Rahmenbedingungen verbessern, Bürokratie abbauen
Für Deutschlands wirtschaftliche Aufwärtsentwicklung sind laut Martin Wansleben deshalb "weitere und stärkere Investitionsanreize" erforderlich: "Die Politik sollte Impulse für Investitionen und Wachstum setzen – zum Beispiel in der Steuerpolitik. Wir brauchen hierzulande Regelungen, um Investitionen schneller abschreiben zu können. Es geht auch um Verbesserungen der Rahmenbedingungen, damit unsere Unternehmen im internationalen Wettbewerb eine Chance haben. Dazu gehört auch der dringend erforderliche Abbau von unnötiger Bürokratie."

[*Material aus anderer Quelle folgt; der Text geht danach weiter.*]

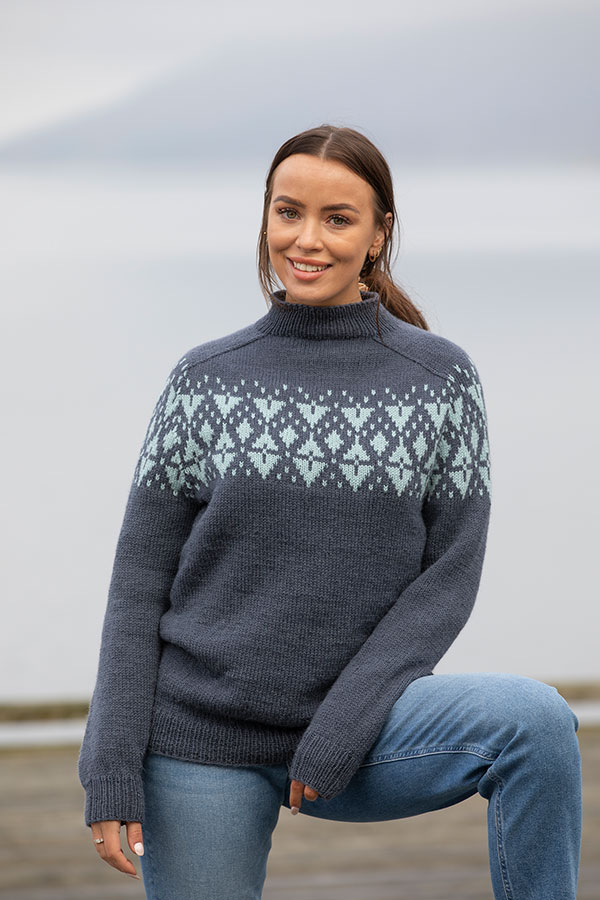 2114-7 Eir tröja lång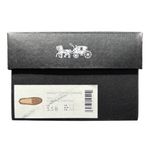 Coach NIB  Marley Coated Canvas Driver Loafers Size 5.5W Photo 6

In kaum einem anderen Industrieland müssten Unternehmen so viele Ressourcen aufwenden, um Berichte zu verfassen oder Nachweispflichten zu erfüllen, kritisiert der DIHK-Hauptgeschäftsführer. "Das bremst viele Investitionen enorm aus oder verhindert sie ganz." Er verweist auf die zehn Tempo-Thesen, mit denen DIHK-Präsident Peter Adrian gleich zu Beginn des Jahres "einen starken Impuls gesetzt" habe, "den wir jetzt auf allen Ebenen weiterverfolgen".
Wansleben: "Wir brauchen dabei mehr Miteinander als Gegeneinander. Wir als IHK-Organisation verstehen uns hier als konstruktiver Partner der Politik, wenn es darum geht, wie wir gemeinsame Ziele schneller, einfacher und wirtschaftlicher erreichen können."